*DATA FOR PROCESSING*.
+---+
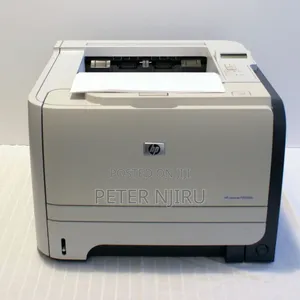 HP Laserjet P2055dn Printer Bw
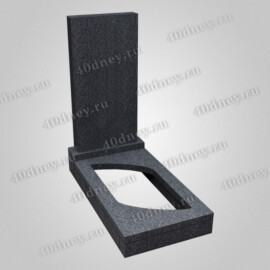 Надгробная плита на могилу НП23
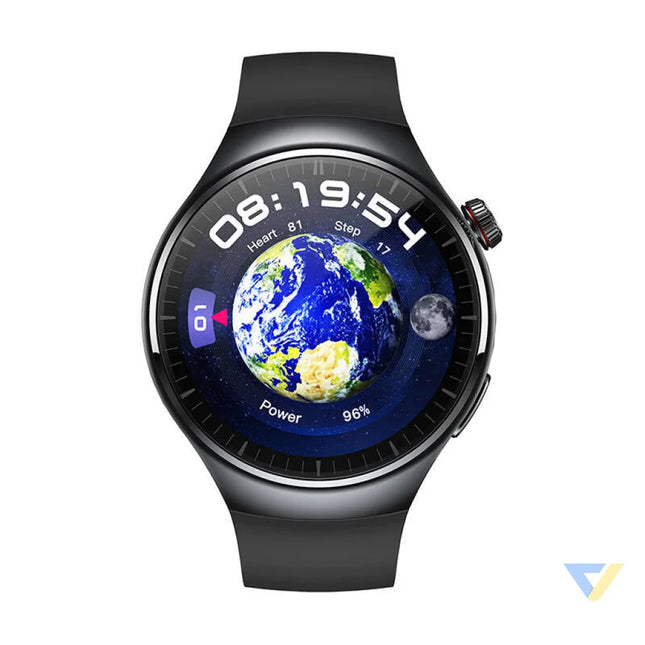 Zeblaze Thor Ultra Smartwatch (Black) Smartwatches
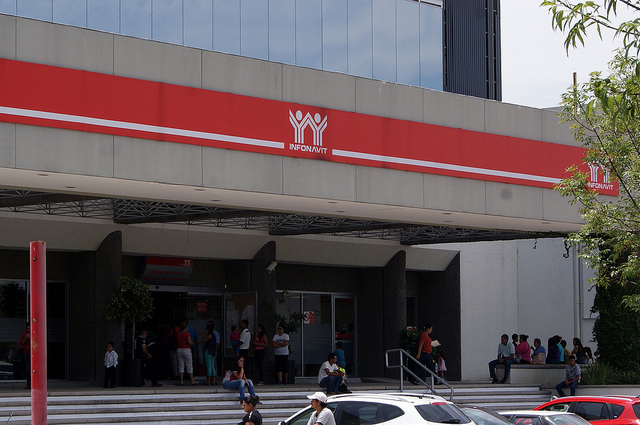 Por cobrar, el 3.85% de los créditos facilitados por el Infonavit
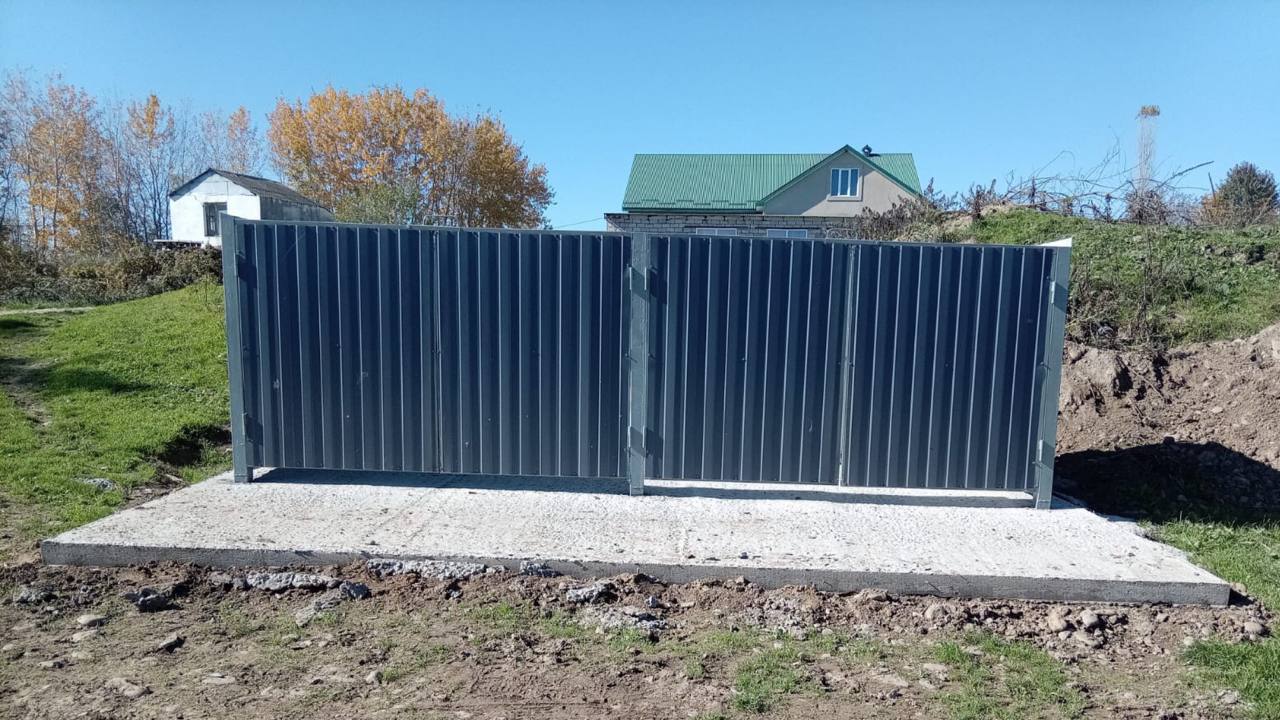 После вмешательства Сулейман-Стальской межрайонной прокуратуры органами местного самоуправления приняты меры по обустройству новых контейнерных площадок для сбора отходов После вмешательства Сулейман-Стальской межрайонной прокуратуры органами местного самоуправления приняты меры по обустройству новых контейнерных площадок для сбора отходов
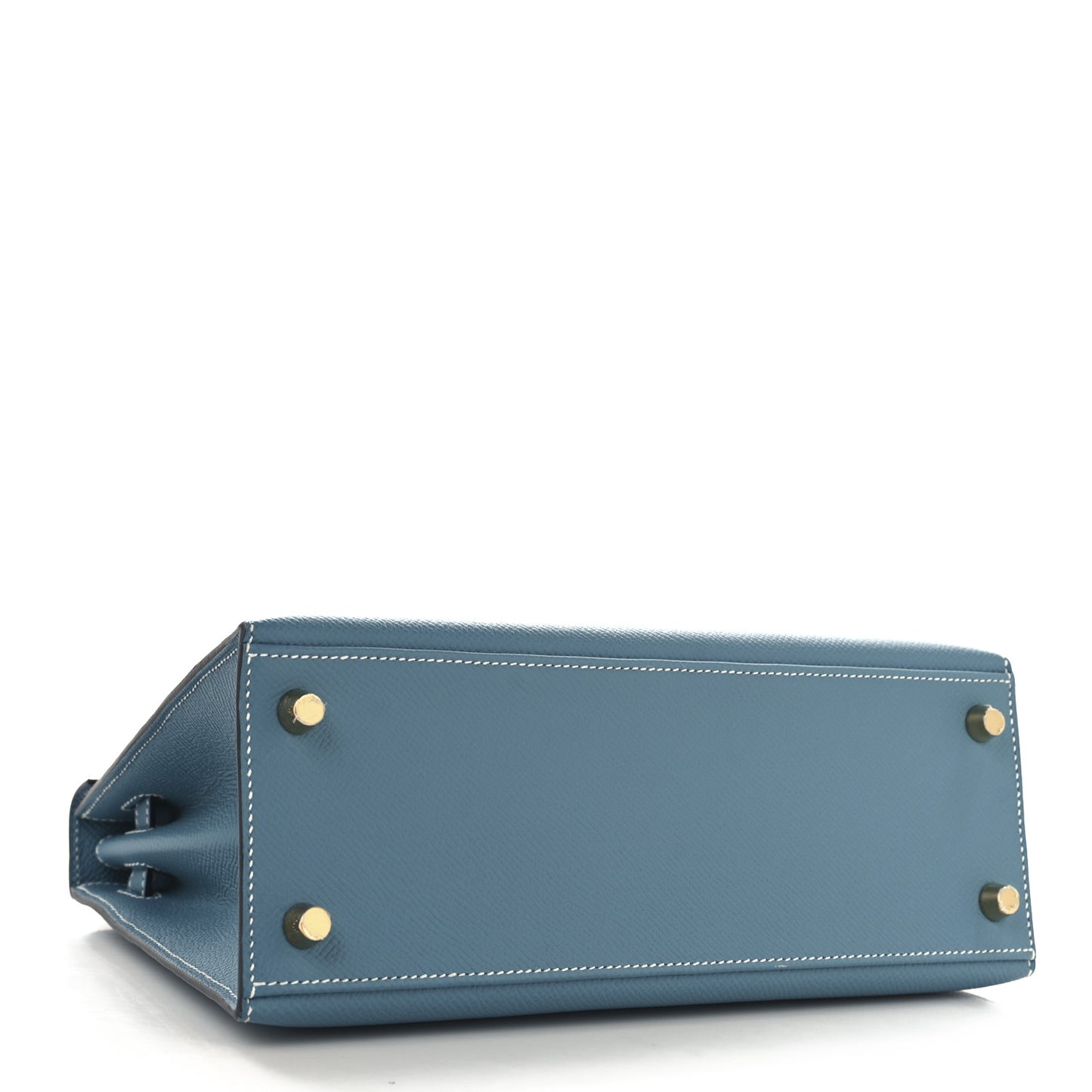 Epsom Kelly Sellier 25 New Blue Jean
+---+
*DIRECTIONS*. Give the lines again exactly, beginning with the first line of the records above and ending with the line that contains "Por cobrar, el", and include no pictures.

*EXPECTED OUTPUT*.
 HP Laserjet P2055dn Printer Bw
 Надгробная плита на могилу НП23
 Zeblaze Thor Ultra Smartwatch (Black) Smartwatches
 Por cobrar, el 3.85% de los créditos facilitados por el Infonavit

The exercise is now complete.